• _Records provided_

::::::

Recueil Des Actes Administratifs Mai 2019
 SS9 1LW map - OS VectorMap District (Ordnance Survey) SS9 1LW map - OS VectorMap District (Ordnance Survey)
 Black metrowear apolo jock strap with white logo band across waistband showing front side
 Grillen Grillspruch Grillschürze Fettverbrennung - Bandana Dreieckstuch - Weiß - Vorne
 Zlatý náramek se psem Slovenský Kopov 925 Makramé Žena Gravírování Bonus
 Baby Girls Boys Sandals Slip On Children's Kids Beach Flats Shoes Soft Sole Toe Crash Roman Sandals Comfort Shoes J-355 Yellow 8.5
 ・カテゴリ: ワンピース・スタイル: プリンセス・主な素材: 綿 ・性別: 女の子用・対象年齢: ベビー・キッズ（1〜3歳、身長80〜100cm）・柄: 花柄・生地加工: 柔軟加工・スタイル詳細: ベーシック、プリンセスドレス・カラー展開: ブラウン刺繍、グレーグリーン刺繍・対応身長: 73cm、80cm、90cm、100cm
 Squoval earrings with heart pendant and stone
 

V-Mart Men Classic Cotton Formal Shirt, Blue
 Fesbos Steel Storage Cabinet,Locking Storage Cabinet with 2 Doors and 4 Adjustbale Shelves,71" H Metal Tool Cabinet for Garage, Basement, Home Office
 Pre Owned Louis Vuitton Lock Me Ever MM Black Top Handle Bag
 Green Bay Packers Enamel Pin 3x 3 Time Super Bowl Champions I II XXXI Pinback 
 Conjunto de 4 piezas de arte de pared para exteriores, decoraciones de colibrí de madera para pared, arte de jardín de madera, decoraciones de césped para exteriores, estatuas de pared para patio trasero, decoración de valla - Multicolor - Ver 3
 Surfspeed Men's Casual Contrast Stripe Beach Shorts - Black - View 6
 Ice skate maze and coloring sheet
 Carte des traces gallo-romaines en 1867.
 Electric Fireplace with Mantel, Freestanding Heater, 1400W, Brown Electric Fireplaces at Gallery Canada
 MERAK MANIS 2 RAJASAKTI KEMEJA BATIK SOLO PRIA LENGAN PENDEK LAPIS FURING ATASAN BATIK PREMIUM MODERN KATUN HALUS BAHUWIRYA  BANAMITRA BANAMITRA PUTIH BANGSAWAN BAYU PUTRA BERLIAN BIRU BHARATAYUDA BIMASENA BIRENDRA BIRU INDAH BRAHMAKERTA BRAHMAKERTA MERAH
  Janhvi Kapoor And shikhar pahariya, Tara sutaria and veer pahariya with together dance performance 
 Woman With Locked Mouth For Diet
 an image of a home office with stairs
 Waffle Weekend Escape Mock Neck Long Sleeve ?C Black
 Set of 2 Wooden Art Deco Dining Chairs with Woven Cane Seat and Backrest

::::::

• _Action item_
Among the lines above, list those that contain the word "Beach".

• _Result for this task_
 Baby Girls Boys Sandals Slip On Children's Kids Beach Flats Shoes Soft Sole Toe Crash Roman Sandals Comfort Shoes J-355 Yellow 8.5
 Surfspeed Men's Casual Contrast Stripe Beach Shorts - Black - View 6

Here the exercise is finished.